On a late-June bikepacking trip from Superior, Montana, to Hailey, Idaho, fire ecologist Philip Higuera studied wildfire’s impact on the landscape, as is his habit when he’s in the woods. He started his trip in a rugged and thickly forested area along the Montana-Idaho border that burned in 1910 and continued south through fire scars new and old before arriving in an open, high-elevation area studded with sagebrush 630 miles later.
Along the way, Higuera noted the abundance of standing dead trees that burned in the Selway-Bitterroot Wilderness in 2012, but he also observed the emergence of lodgepole pine seedlings, which require the intense heat of a high-severity fire to regenerate, and below them a vibrant growth of blue-violet lupine, magenta fireweed and yellow glacier lilies. Where some might see a wasteland of blackened trees in varying states of decomposition, Higuera saw a landscape that has been, in the words of his bikepacking partner, “refreshed by fire.”
Higuera, who teaches fire ecology and paleoecology at the University of Montana, keeps tabs on how the public characterizes and discusses wildfire in the American West. He said land managers and the general population both are making strides toward appreciating fire’s role in healthy forest ecosystems.
But concerns generated by COVID-19 could reverse some of that progress as fire managers in the Northern Rockies prepare for a wildfire response that skews heavily toward suppression. This year, the agency’s goal is to catch and contain fires when they’re small so they won’t need to bring firefighters and support personnel from across the United States into fire camps of hundreds or even thousands of people. That could protect firefighters from COVID-19 infection and minimize the likelihood that they’ll introduce the virus to nearby communities, but it also has downstream consequences for the health and resilience of fire-adapted ecosystems.
SUPPRESS OR BURN?
For more than 20 years, the exclusion of fire has been recognized as a “destabilizing influence” for ponderosa pine, pinyon-juniper woodland and tallgrass prairie ecosystems, among others. Policy is starting to come around to reflect the findings of scientists like Higuera, but he said he is wary that COVID-19 will drive a “knee-jerk reaction of putting out everything quickly.” He said he’s hoping that public and federal agencies instead use this unusual season as an opportunity to rethink the long-term implications of that approach.
“Jumping on every fire and trying to put it out as soon as possible is really reverting to mid-20th century strategies, which we know in the long-term don’t work,” Higuera said, referencing now-abandoned strategies like the so-called 10 a.m. policy that directed fire managers to put out all fires by 10 a.m. the day after their detection. “It puts off this debt [of unburned fuels] into the future, and that approach doesn’t work well under extreme fire conditions.”
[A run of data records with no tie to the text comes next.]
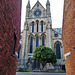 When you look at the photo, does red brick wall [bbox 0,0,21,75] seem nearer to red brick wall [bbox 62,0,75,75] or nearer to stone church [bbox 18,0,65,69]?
red brick wall [bbox 62,0,75,75]

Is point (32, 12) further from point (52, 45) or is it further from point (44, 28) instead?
point (52, 45)

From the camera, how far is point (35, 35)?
3102 centimetres

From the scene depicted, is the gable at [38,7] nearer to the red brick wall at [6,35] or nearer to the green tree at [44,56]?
the green tree at [44,56]

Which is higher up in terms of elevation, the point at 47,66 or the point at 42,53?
the point at 42,53

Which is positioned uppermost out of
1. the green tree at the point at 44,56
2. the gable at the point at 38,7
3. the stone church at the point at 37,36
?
the gable at the point at 38,7

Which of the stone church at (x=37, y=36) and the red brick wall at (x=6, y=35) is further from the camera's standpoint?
the stone church at (x=37, y=36)

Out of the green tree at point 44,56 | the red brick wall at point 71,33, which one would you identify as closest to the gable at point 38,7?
the green tree at point 44,56

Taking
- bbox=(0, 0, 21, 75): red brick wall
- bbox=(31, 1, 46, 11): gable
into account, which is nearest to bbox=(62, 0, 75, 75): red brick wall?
bbox=(0, 0, 21, 75): red brick wall

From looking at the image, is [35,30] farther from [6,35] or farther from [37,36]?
[6,35]

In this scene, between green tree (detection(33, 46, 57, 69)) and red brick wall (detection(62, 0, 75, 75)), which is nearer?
red brick wall (detection(62, 0, 75, 75))

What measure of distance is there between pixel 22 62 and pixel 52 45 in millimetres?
11425

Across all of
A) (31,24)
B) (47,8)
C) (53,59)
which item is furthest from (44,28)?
(53,59)

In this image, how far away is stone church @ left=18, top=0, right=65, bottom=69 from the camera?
2768 cm

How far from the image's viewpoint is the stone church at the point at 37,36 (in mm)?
27684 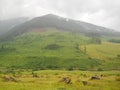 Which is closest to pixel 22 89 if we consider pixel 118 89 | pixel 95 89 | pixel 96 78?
pixel 95 89

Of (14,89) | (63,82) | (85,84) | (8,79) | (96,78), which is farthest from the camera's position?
(96,78)

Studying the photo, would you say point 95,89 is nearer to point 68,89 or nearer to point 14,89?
point 68,89

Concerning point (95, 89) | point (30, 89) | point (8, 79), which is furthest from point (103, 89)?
point (8, 79)

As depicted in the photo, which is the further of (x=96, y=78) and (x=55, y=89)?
(x=96, y=78)

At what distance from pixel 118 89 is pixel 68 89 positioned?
362 inches

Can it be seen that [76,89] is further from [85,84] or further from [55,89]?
[85,84]

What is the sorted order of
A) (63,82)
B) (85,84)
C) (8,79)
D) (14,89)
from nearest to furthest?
(14,89) < (85,84) < (63,82) < (8,79)

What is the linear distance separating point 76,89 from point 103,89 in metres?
5.02

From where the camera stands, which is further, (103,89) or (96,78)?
(96,78)

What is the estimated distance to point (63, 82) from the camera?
6569cm

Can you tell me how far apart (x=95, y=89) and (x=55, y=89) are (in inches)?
290

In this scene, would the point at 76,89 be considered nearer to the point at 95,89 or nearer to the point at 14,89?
the point at 95,89

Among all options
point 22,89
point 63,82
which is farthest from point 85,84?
point 22,89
In a 2019 paper published in Nature Sustainability, Higuera and others make a case for “social-ecological resilience” to wildfire and a broader acceptance of its presence.
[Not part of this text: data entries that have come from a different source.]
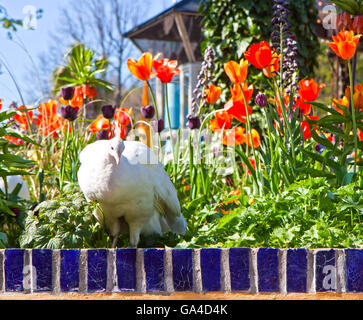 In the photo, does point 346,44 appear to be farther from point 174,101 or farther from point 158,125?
point 174,101

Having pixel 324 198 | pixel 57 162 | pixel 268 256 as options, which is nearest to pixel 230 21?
pixel 57 162

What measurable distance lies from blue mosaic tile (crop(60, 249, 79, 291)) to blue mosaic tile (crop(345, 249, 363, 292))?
0.94 meters

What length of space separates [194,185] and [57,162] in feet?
3.50

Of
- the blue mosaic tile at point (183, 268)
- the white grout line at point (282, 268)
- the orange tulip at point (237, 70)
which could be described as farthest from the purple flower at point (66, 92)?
the white grout line at point (282, 268)

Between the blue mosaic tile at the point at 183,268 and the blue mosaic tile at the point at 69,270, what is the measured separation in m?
0.36

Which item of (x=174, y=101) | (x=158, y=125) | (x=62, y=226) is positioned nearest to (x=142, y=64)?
(x=158, y=125)

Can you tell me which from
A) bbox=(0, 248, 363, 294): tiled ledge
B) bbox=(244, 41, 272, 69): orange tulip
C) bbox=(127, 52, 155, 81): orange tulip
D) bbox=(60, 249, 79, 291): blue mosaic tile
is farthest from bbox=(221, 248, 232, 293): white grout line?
bbox=(127, 52, 155, 81): orange tulip

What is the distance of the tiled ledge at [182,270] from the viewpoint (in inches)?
60.2

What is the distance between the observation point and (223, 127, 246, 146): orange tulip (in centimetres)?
297

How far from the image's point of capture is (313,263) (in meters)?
1.53

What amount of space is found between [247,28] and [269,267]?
3105 millimetres

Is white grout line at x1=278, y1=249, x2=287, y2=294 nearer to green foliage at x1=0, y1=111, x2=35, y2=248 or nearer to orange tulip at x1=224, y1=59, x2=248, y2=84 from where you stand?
orange tulip at x1=224, y1=59, x2=248, y2=84

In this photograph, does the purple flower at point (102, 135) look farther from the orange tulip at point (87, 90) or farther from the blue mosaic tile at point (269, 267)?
the blue mosaic tile at point (269, 267) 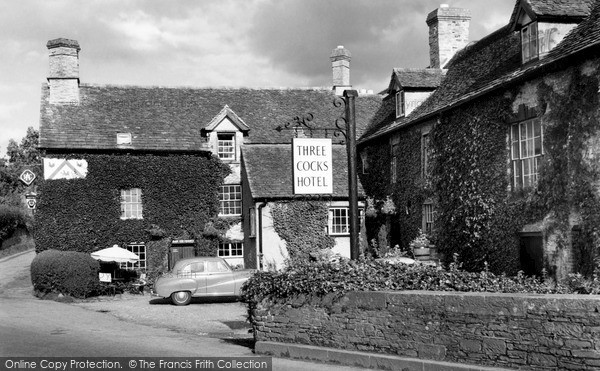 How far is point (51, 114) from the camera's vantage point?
3206cm

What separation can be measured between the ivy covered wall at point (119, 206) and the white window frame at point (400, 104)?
8.58m

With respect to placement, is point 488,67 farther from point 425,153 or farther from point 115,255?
point 115,255

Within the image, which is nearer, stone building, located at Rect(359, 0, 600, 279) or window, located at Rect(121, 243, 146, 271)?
stone building, located at Rect(359, 0, 600, 279)

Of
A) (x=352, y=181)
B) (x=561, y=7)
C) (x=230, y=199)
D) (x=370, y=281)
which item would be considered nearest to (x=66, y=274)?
(x=230, y=199)

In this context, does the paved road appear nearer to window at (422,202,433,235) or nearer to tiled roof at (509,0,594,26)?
window at (422,202,433,235)

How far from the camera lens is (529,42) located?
19844 millimetres

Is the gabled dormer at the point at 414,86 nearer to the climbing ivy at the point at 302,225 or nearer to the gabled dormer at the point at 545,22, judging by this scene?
the climbing ivy at the point at 302,225

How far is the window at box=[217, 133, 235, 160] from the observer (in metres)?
32.8

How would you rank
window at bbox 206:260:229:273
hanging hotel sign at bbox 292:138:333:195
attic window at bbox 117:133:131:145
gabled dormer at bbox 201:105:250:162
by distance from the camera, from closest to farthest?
hanging hotel sign at bbox 292:138:333:195
window at bbox 206:260:229:273
attic window at bbox 117:133:131:145
gabled dormer at bbox 201:105:250:162

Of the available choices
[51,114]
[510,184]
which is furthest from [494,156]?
[51,114]

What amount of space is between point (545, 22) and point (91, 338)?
45.7ft

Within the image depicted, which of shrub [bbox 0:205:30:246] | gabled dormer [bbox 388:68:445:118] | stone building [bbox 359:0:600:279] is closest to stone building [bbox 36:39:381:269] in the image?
gabled dormer [bbox 388:68:445:118]

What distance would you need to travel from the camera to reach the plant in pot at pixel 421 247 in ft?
77.2

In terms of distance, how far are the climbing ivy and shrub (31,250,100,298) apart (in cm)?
757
“We intend to jump on fires as fast and furiously as we can. We have 175 of our permanent firefighters and an additional 215 support personnel all ready to roll. It’s highly likely we’ll use all of them in this fire season.”
BLM Montana-Dakotas State Director John Mehlhoff
“Ultimately, decades of fire science strongly indicate that fuel management, prescribed fires and allowing wildfires to burn under moderate fire weather conditions will protect and promote ecological and cultural resources, and communities, far more effectively and efficiently than trying to eliminate fire from landscapes,” the authors argue.
In practice, that approach necessitates a difficult balancing act. Higuera said he doesn’t envy fire managers’ position this year as they navigate an already dynamic situation that’s been further complicated by COVID-19. In addition to raising the stakes for firefighter and community health, COVID-19 has turned 2020 into a year where “uncertainty is everywhere,” according to Kit O’Connor, a research ecologist with the Forest Service’s Rocky Mountain Research Station. Higuera said he’s concerned that an emphasis on heavy suppression will continue into future seasons.
“The incentive and the reward is typically on being very conservative and saying, ‘we’ll just put it out,’” he said. “This year, that tendency is going to be even [stronger] if August and September are indeed above average warmth [with] low precipitation.”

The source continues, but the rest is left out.